Het CDA heeft bij motie gevraagd de prijzen minder te verlagen en de inkomensdaling via inkomenstoeslagen of anderszins voor 100% te compenseren. Kan het CDA aangeven hoeveel deze 100% compensatie kost? Kan het aangeven waar de middelen gevonden kunnen worden? Moeten hiervoor Europese gelden aangewend worden of komt deze financiering ten laste van de nationale begroting? De keerzijde is dat hogere prijzen meer exportrestituties met zich brengen, meer interventievoorraden creëren en de toetreding van Midden- en Oost-Europese landen bemoeilijkt. Wat vindt het CDA daarvan? Graag krijg ik dat te horen.

De doorrekening van het CDA-verkiezingsprogramma door het CPB heb ik voor mij liggen. Daarin staat dat het CDA 1,5 mld. op de Europese Unie wil bezuinigen, onder andere door stabilisatie van de reële uitgaven. Dit geluid heeft het CDA in een algemeen overleg bevestigd, maar wat wil het CDA nu? Hoe wil zij die 1,5 mld. invullen? En wat vindt collega Balkenende daarvan? Dit voornemen staat toch in schril contrast met de motie en op deze manier is toch niet sprake van een consistent beleid.

De heer Atsma (CDA):

Mevrouw de voorzitter! Straks wil ik graag onze zienswijze op dit punt weergeven. Nu wil ik ingaan op de vraag: om hoeveel geld gaat? Ik wijs erop dat ik het nu niet over geld heb. Dit is ook precies het punt. Niemand weet waarom het gaat, de heer Geluk niet en wij niet. Daarom zeggen wij tegen de minister: geef een optimale garantie, anders stort je een groot aantal ondernemers in het diepe, in een put, in een gat; en dat willen wij niet. Daarom sprak ik over een tombola.

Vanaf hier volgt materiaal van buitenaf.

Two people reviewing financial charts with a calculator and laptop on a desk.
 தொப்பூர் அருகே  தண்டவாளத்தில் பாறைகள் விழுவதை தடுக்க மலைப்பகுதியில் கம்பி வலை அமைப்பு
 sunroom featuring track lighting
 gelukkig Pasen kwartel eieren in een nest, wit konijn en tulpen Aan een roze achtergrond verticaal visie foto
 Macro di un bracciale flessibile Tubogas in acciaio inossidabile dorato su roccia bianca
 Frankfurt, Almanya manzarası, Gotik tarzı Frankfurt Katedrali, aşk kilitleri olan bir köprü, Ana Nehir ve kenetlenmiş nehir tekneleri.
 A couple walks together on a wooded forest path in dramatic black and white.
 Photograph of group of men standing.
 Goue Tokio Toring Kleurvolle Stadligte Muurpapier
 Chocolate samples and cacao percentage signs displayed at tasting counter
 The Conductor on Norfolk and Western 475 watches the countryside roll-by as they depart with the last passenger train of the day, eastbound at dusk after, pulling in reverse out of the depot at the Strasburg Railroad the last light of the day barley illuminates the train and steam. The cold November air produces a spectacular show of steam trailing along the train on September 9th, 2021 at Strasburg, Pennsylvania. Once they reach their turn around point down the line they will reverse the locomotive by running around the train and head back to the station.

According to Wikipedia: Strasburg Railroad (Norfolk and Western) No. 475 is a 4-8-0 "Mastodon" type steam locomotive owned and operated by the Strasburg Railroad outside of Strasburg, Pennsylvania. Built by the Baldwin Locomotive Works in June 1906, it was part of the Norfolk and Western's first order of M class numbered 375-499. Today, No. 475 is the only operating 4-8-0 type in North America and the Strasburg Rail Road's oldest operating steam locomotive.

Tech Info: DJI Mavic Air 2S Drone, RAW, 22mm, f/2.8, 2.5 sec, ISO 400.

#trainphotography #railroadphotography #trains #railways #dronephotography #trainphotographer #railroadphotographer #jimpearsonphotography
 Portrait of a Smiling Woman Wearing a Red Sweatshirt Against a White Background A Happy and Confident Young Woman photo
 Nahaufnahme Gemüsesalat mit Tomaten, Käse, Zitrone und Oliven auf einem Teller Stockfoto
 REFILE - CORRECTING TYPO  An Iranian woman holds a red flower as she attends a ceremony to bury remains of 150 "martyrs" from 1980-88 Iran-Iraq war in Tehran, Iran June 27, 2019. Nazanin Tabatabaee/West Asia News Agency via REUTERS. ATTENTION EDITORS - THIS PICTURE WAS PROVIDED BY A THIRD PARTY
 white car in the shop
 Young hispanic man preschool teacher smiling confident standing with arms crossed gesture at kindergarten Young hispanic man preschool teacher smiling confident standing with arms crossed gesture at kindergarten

Overigens, het is absoluut niet zo dat het hier om geld sec gaat. Wij hebben gezegd – en de heer Geluk kan dat weten, dus hij vraagt naar de bekende weg – dat de plannen gefaseerd kunnen worden ingevoerd. Men kan nagaan of in plaats van een afroming van 15%, 20% en 30% een afroming van bijvoorbeeld 10%, 15% en 20% of 10%, 15% en 15% mogelijk is. Men kan de middelen die minister Apotheker vanmorgen terecht heeft gereserveerd, de 2,5 mld. euro voor het plattelandsbeleid, inzetten voor de brede plattelandsontwikkeling. Bij die ontwikkeling behoort de boer waarover wij het hebben een belangrijke rol te spelen. Men kan ook het instrument van de cofinanciering benutten. Natuurlijk is er ook de cross-compliancegedachte, waaraan wij sterk hechten. Ik kan nog meer voorbeelden geven. Dat doe ik niet. Ik hoop dat de gegeven voorbeelden voor de heer Geluk voldoende zijn.

De heer Geluk (VVD):

Voorzitter! De heer Atsma draait om de pot heen. Hij noemt de punten die de minister vanmorgen en vanmiddag al heeft aangegeven en waarbij sprake ook voor hem sprake is van mogelijkheden. Op mijn concrete vraag waarom bij het CDA niet sprake is van beleidsconsistentie, heb ik nog niet een antwoord gekregen. De partij van de heer Atsma zou toch voor een zeer consistent beleid moeten kiezen, maar in dezen doet zij dat niet.

De heer Atsma (CDA):

U gaf aan dat het CDA 1,5 mld. aan bezuinigingen heeft ingeboekt. In het regeerakkoord wordt gesproken van 1,3 mld., maar dat is niet ons akkoord en dat wil ik sterk markeren. Het gaat nu evenwel om de Nederlandse gulden die aan Europa wordt besteed. U weet hoeveel per saldo van die gulden terugkeert naar Nederland. Dan weet u ook dat als wij 1,3 mld. niet aan Europa besteden, hoeveel wij hier houden. Het inzetten van een substantieel deel van die 1,3 mld. om de negatieve effecten van deze operatie op te vangen, vraagt om een politieke afweging: je wilt het of je wilt het niet. Ik stel vast dat u het niet wilt, maar wij willen er graag over praten. Het gaat hierbij om een van de mogelijkheden.

De heer Geluk (VVD):

Mijn conclusie is anders. Ik ben de mening toegedaan dat het CDA de 1,5 mld. wel invult bij de berekeningen door het Centraal planbureau, maar nu niet wil invullen. Dat is inconsistent.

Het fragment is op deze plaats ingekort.